## Work task
Copy exactly, please, each line of the data below until the line that contains "Makeup Brushes Set" has been copied, beginning at the top.

□ □ □ □ □ □ □

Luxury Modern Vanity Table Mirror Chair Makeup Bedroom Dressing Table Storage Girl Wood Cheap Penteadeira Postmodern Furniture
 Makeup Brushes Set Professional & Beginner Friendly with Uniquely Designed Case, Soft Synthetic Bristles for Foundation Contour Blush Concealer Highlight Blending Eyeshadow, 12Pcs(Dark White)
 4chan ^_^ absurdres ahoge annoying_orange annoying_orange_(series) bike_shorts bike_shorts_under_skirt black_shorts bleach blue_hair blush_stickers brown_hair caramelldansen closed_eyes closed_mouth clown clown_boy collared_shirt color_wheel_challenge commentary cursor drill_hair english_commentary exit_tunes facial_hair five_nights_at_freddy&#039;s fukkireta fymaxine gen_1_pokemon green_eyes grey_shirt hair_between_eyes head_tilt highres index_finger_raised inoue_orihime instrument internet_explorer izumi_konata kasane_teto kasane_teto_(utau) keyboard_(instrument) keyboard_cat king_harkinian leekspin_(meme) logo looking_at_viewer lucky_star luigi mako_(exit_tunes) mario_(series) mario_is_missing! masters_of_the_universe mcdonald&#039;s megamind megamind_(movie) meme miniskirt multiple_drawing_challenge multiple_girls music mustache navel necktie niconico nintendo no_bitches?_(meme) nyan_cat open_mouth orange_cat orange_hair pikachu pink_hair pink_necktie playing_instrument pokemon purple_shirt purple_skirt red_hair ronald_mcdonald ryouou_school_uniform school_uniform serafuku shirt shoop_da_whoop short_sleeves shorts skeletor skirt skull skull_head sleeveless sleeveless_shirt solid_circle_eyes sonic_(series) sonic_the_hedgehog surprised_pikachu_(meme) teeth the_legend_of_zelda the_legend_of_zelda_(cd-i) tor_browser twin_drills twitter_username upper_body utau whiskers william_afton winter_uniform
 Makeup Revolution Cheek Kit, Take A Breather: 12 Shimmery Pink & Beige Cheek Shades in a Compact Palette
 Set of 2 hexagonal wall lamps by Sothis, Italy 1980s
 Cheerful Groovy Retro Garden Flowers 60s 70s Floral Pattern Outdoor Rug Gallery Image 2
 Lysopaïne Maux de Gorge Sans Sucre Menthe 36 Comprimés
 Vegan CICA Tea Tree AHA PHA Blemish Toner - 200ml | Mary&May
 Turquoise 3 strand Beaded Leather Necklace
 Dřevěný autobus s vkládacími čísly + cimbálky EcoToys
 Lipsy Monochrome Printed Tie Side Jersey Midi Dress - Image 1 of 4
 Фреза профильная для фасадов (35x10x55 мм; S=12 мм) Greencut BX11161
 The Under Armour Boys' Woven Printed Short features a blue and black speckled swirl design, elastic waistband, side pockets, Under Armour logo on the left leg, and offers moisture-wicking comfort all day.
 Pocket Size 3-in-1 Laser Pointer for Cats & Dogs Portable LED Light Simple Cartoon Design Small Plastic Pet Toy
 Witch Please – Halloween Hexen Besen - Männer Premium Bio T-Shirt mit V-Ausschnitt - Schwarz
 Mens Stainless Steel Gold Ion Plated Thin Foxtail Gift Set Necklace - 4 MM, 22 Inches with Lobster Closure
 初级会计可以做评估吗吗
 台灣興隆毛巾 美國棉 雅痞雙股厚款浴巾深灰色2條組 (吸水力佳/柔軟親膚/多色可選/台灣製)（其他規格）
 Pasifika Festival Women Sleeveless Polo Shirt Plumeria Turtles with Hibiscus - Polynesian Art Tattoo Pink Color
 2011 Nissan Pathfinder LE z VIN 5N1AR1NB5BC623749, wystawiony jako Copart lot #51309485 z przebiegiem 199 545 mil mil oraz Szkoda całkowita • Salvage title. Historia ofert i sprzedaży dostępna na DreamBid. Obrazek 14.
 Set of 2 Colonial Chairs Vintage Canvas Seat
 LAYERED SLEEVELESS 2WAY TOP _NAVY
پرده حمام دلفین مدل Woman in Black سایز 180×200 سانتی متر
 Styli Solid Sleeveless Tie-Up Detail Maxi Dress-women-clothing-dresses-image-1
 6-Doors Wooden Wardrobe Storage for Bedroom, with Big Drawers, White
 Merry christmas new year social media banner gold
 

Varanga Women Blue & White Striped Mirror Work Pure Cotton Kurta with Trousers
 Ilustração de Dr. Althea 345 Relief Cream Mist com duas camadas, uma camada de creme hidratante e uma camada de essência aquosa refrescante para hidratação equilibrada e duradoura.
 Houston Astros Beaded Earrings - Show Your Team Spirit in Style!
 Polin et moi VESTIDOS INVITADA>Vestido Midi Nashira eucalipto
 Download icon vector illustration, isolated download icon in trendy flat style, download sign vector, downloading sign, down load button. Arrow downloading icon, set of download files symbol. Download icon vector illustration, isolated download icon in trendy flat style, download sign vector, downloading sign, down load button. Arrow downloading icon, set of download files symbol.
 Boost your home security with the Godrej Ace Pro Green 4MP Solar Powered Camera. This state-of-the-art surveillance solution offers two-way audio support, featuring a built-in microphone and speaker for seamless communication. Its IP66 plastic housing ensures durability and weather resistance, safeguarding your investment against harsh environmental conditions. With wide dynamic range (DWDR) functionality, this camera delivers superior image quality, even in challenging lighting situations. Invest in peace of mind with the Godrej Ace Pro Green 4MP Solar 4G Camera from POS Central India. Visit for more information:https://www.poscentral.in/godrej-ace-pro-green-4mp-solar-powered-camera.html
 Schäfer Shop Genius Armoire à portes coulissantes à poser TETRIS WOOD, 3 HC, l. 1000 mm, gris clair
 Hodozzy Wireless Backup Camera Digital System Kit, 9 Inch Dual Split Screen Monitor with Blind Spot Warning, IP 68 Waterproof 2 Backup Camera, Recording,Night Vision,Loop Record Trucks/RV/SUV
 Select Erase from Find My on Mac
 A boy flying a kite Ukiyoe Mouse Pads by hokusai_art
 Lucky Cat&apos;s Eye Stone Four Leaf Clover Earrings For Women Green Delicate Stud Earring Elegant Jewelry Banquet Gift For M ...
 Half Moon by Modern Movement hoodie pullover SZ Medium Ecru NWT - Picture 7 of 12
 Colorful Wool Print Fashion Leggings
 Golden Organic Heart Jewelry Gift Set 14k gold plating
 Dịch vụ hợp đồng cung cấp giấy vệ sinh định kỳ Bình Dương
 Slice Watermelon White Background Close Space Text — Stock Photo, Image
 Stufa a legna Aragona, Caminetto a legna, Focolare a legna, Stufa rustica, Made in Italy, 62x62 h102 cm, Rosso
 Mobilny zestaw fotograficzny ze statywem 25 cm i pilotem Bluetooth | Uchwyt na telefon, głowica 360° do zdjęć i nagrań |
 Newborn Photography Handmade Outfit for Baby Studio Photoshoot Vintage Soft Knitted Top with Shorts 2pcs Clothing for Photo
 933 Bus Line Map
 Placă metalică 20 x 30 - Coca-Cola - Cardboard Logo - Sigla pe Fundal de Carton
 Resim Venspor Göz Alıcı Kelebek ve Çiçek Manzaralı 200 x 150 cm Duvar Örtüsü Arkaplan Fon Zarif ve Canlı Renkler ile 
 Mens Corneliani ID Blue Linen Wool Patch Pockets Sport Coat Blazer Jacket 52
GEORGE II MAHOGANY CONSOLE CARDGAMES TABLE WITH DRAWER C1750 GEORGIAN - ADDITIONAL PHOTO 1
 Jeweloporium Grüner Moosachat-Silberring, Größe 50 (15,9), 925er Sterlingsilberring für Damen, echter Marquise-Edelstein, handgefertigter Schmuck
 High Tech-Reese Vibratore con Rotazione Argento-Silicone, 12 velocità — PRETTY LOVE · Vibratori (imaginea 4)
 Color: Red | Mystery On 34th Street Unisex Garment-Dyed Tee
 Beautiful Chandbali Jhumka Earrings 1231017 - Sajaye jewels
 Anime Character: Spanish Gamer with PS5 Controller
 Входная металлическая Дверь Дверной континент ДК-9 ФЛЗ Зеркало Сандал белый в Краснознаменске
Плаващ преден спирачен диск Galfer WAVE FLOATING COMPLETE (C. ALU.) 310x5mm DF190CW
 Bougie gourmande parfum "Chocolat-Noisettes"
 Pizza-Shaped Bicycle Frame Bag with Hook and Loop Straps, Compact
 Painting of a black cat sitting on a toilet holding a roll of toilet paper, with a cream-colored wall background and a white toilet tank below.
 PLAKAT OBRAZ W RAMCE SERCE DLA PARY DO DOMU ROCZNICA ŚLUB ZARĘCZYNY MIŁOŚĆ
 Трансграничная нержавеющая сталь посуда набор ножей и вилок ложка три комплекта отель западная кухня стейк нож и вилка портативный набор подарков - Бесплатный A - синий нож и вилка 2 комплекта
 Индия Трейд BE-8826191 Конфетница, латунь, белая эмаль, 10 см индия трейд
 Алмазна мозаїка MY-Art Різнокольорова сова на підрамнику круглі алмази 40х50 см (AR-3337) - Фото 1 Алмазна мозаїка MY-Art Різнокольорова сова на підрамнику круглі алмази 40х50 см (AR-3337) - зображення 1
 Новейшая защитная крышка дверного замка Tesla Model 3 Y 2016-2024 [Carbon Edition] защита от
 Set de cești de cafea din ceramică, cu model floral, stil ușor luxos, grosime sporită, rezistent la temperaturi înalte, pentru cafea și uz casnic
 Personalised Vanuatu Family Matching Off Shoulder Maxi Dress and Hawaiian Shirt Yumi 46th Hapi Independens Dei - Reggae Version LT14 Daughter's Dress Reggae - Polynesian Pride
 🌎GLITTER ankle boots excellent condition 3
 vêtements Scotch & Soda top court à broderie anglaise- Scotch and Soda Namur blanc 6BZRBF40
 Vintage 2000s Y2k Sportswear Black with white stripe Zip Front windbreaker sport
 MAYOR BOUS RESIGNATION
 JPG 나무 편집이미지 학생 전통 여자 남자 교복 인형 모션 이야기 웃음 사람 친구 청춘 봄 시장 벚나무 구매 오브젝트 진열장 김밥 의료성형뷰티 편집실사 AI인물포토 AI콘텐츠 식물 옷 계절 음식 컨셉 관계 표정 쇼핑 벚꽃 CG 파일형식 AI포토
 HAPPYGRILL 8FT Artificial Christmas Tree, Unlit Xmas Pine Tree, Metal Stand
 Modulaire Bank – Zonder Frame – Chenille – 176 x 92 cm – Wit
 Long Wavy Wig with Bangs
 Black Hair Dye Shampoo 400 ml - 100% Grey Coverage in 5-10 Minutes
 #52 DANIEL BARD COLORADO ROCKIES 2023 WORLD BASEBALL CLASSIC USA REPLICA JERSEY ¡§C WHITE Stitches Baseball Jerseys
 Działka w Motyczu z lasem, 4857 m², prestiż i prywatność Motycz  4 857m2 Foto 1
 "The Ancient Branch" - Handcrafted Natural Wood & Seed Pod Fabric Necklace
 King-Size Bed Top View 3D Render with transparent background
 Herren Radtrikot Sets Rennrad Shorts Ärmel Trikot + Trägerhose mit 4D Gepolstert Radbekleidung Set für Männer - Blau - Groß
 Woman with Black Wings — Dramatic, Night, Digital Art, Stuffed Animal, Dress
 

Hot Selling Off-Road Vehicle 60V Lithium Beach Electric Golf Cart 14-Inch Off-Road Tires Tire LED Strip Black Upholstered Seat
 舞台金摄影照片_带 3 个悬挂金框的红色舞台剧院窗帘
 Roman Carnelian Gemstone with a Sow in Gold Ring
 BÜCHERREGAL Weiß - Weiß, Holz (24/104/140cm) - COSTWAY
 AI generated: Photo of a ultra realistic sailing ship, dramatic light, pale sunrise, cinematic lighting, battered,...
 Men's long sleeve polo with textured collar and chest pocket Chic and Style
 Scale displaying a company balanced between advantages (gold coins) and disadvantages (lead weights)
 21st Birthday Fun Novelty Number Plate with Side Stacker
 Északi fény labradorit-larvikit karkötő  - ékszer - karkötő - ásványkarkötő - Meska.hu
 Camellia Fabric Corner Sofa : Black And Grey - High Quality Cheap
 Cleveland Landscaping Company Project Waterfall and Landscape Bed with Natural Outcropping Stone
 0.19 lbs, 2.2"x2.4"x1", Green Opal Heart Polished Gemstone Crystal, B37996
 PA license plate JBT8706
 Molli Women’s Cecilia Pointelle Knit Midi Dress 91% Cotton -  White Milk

□ □ □ □ □ □ □

## Solution to this exercise
Luxury Modern Vanity Table Mirror Chair Makeup Bedroom Dressing Table Storage Girl Wood Cheap Penteadeira Postmodern Furniture
 Makeup Brushes Set Professional & Beginner Friendly with Uniquely Designed Case, Soft Synthetic Bristles for Foundation Contour Blush Concealer Highlight Blending Eyeshadow, 12Pcs(Dark White)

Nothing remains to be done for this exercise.